Below, we'll look beyond those headline results for the key investor takeaways in Constellation Brands' earnings report.

A flight of four different beers sitting on a bar.

Image source: Getty Images.

1. It's good to be premium

The beer industry is just barely expanding right now. Market titan Anheuser-Busch, for example, has seen its beer volumes rise by just 1% through the first half of fiscal 2017. And yet Constellation Brands' shipments are far outpacing that flat result thanks to sharp growth in the premium end of the industry. 

Constellation Brands is both driving, and benefiting from, this trend. In fact, the company was responsible for 60% of the growth in the high-end beer category last quarter.

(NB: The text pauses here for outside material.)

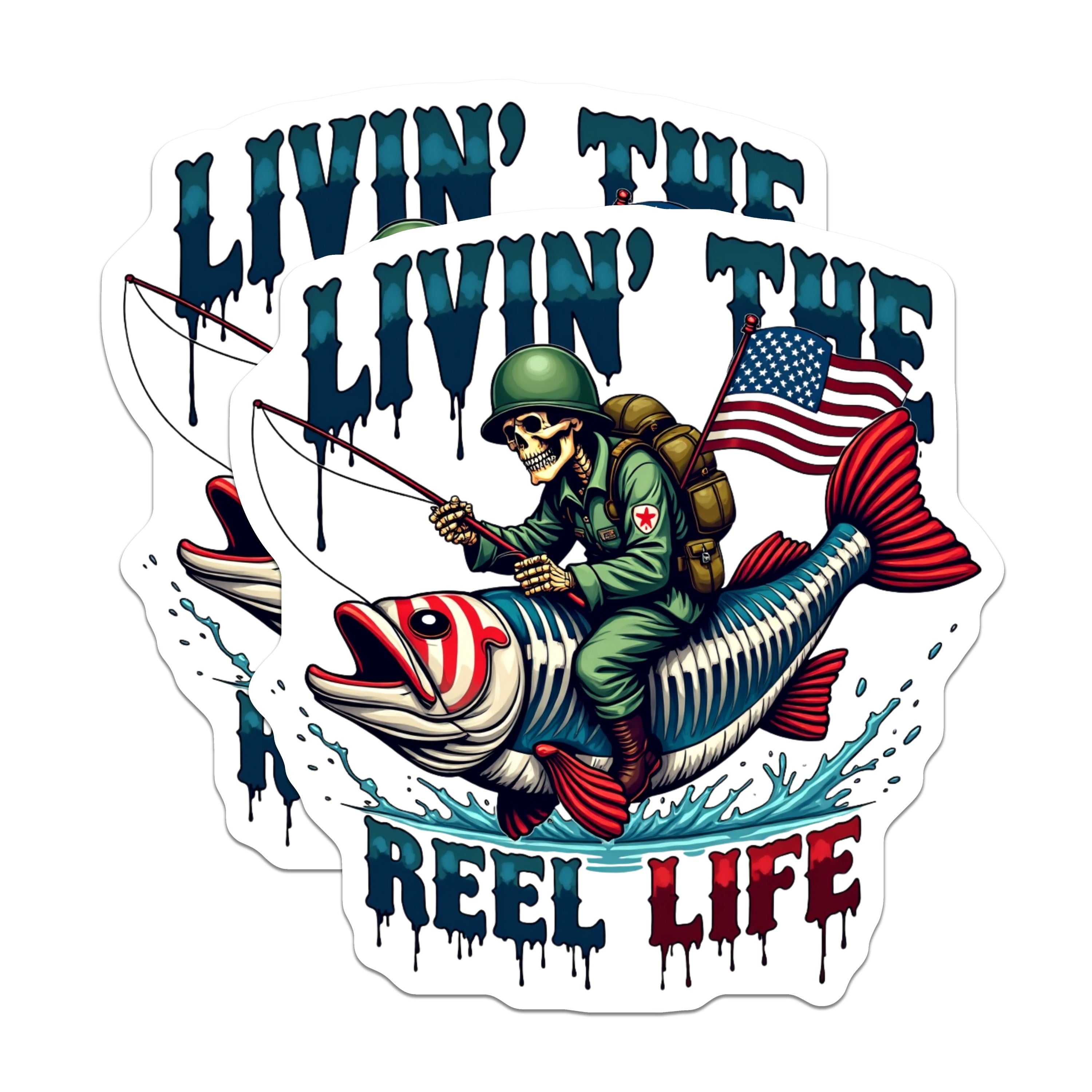 (2 Pack) Livin The Reel Life Magnets - Patriotic Fishing Skeleton - Military Veteran Angler Fridge Decor - 5 Inches On Longest Side - Thick Durable Magnet - Made in USA - MAG36073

That segment expanded by 9% over the past six months and soaked up market share last quarter during the important summer selling season.

2. Winning with a deep bench

Constellation Brands' booming beer growth has recently been driven by the performance of the blockbuster Corona franchise, the country's best-selling premium import. This quarter showed off its deep bench of alcoholic beverage brands, though. Modelo, not Corona, led the beer portfolio higher by posting a 20% spike in consumption.

The company got solid contributions from other key franchises, too, including the Charles Smith wine brand. New brand launches also chipped in, as did Constellation Brands' latest acquisition, the Florida-based Funky Buddha craft brewery. 

Management highlighted its broad-based sales success in a press release, stressing that Constellation Brands was "the leader in the high-end of the U.S. beer market" and is "reaping the benefits of our wine and spirits premiumization efforts."

3. Cash is king

Add market share gains to rising prices and falling costs, and you have a recipe for head-turning earnings growth. That's what we see this quarter as profitability spiked by over 4 percentage points in the beer portfolio to pass 41% of sales. The wine segment managed a smaller uptick in operating margin, but it still expanded to just over 26% of sales. Stepping back, Constellation Brands' profit margin has now improved to over 30% of sales from the 20% mark in 2013. The spike has helped net income grow by 33% so far in 2017.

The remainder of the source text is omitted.